══ INPUT DATA

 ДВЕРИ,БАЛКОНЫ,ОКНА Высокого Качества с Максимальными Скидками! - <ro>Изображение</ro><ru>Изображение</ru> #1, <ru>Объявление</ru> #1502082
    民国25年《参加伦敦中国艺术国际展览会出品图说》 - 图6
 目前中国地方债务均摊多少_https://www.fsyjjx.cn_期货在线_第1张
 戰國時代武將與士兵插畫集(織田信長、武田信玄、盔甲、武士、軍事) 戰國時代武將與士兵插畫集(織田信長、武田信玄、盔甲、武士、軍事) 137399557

════
══ INPUT DATA

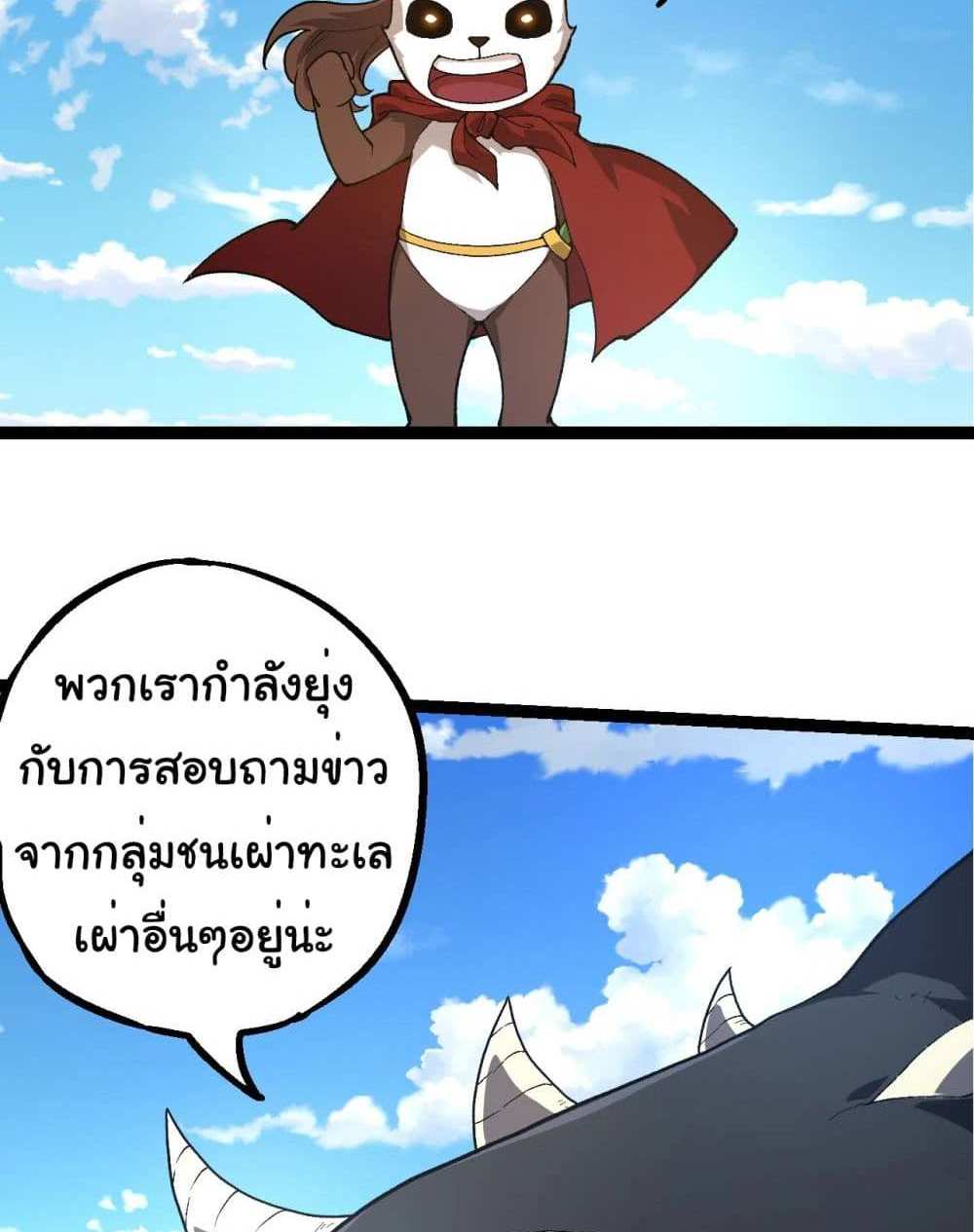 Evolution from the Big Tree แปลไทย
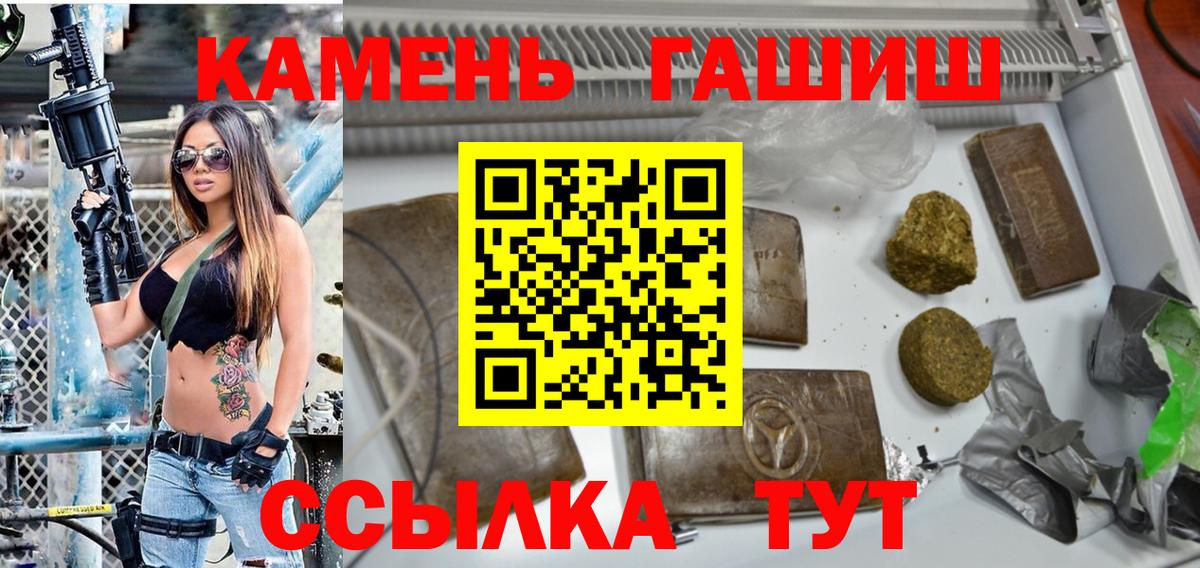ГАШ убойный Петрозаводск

════

» WHAT IS BEING ASKED: Leave the pictures out, and transcribe exactly the lines above starting at the one that contains "Evolution from the Big Tree แปลไทย" and ending at the one that contains "ГАШ убойный Петрозаводск".

» EXERCISE SOLUTION:
 Evolution from the Big Tree แปลไทย
ГАШ убойный Петрозаводск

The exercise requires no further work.